All the top lawmakers declined to release detailed personal calendars. The House said that’s because they “are in draft form, contain appointments that may or may not occur, are revised daily, are never corrected, and are not an accurate log” of actual appointments. The Senate said the records requests were “overly broad and lack a reasonably specificity for the information sought.” The state constitution says lawmakers are privileged for “words spoken in debate, or any report, motion or proposition made.”
Gov. Earl Ray Tomblin’s office said he does not personally use his official email account. It said the account received more than 600 emails over the timeframe. Tomblin did not release his detailed calendar, echoing the reasoning of the House.
Maryland’s Public Information Act gives the public the right to access government records without unnecessary cost and delay. However, not all government records are disclosable under the law.
For example, state legislators are shielded from disclosing documents relating to legislative activities by an absolute constitutional privilege, according to counsel for the General Assembly. When the AP requested emails and a daily schedule of activities for top lawmakers for the first week of February, most of the records would not have been releasable under the law, according to the attorney. However, the legislators waived legislative privilege and released hundreds of pages of documents, anyway.
The governor’s office also released his emails and calendar for the same week’s period.
Virginia’s public records law grants elected officials broad discretion in what they can withhold, including any correspondence or records related to “personal or deliberative use.”
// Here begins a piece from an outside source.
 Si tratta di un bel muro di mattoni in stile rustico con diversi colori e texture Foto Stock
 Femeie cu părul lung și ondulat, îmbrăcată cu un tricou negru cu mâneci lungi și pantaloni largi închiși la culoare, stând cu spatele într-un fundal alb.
Gov. Terry McAuliffe and the top Democrats and Republicans in both the House and the Senate all declined to provide emails The Associated Press requested. The governor and Democratic legislative leaders provided their calendars. Republican Senate Majority Leader Tommy Norment also provided calendars, but it showed only floor sessions and committee and caucus meetings – not any private meetings or events. Republican House Speaker William J. Howell said the request for a week’s worth of his calendar was too vague to qualify as a legitimate public records request.
Requests to all four legislative leaders for emails and calendars were denied.
Legislative records are narrowly defined under the state’s Right-to-Know Law and include financial records, bills, co-sponsorship memos, chamber rules and other documents, but notably, not emails or daily schedules. The Senate letter denying access to those documents noted that making the request of the senators directly rather than through the clerk’s office could have delayed the process. The Senate also noted the AP had made very similar requests for correspondence in 2009, with the same negative result. Those two 2009 requests were the first appeals handled under a revamped public-records law that took full effect that year.
The governor’s office has exercised its right to take up to 35 days to comply with the pending request, and its full response is due by March 17. Gov. Tom Wolf, a Democrat in his second year, has posted his public schedule online, a break from past practice that was apparently a response to an open-records court case.